DESCRIPTION OF THE TASK -
Output the listing exactly as written, apart from its pictures.

SOURCE DATA -
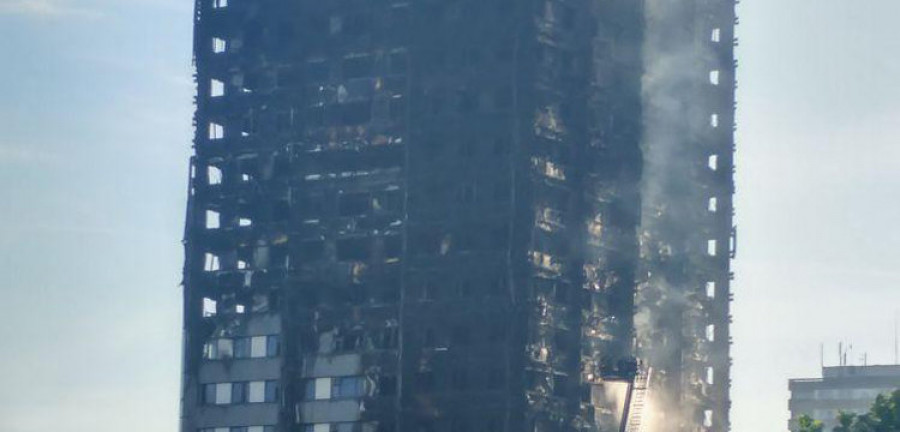 Tres peñistas de RCD London se quedaron sin hogar en la torre Grenfell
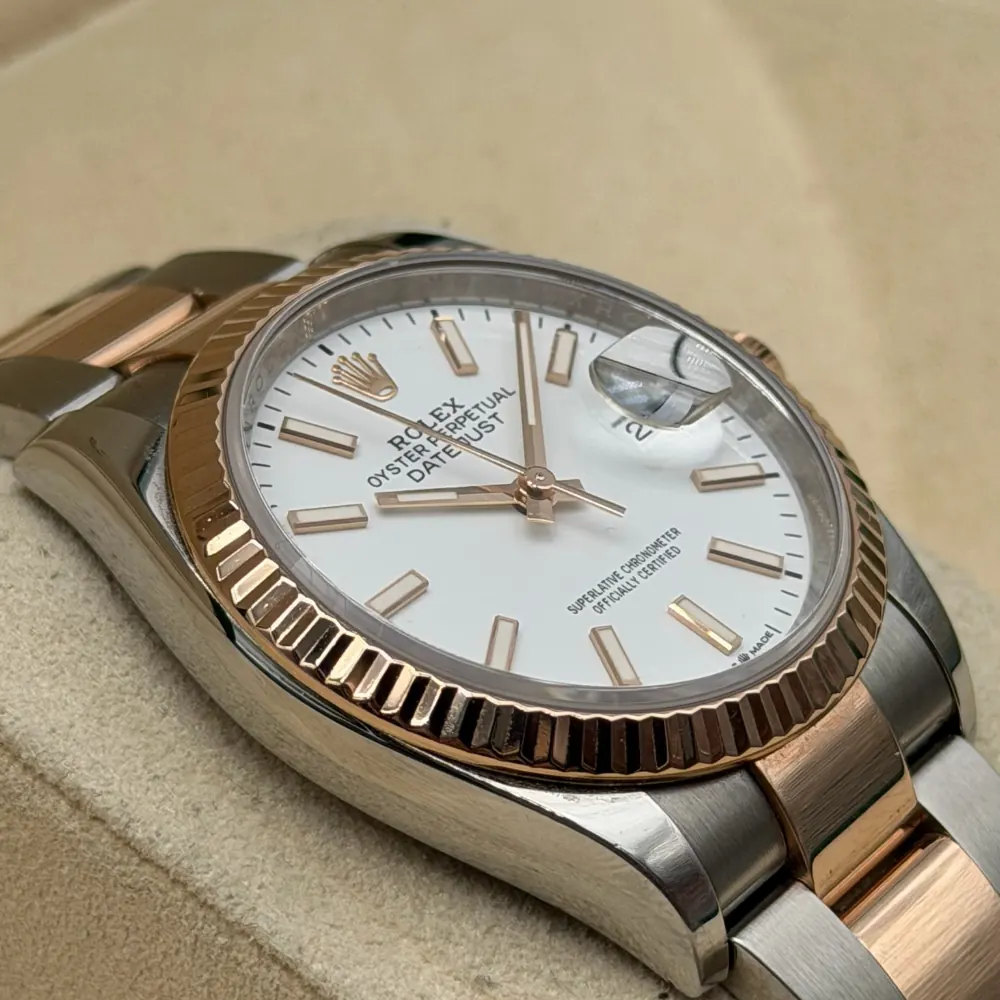 Rolex Datejust 36mm Steel & Gold White Dial, vista 2
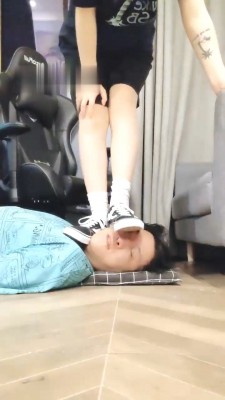 图片[5]_【欣欣】黑鞋白袜全体重踩踏/腿绞_HD绳艺资源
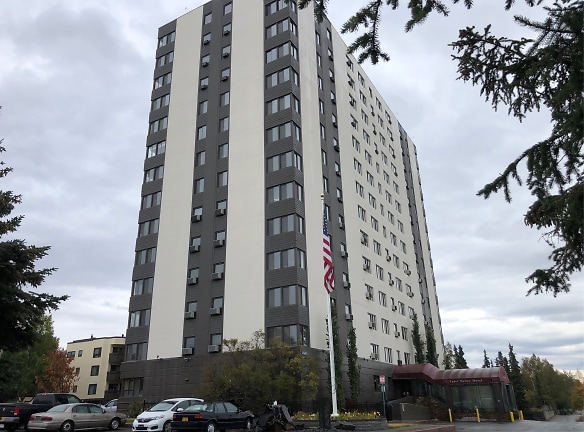 Inlet Tower Hotel Suites Apartments - Anchorage, AK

ANSWER TO THE EXERCISE -
 Tres peñistas de RCD London se quedaron sin hogar en la torre Grenfell
 Rolex Datejust 36mm Steel & Gold White Dial, vista 2
 图片[5]_【欣欣】黑鞋白袜全体重踩踏/腿绞_HD绳艺资源
 Inlet Tower Hotel Suites Apartments - Anchorage, AK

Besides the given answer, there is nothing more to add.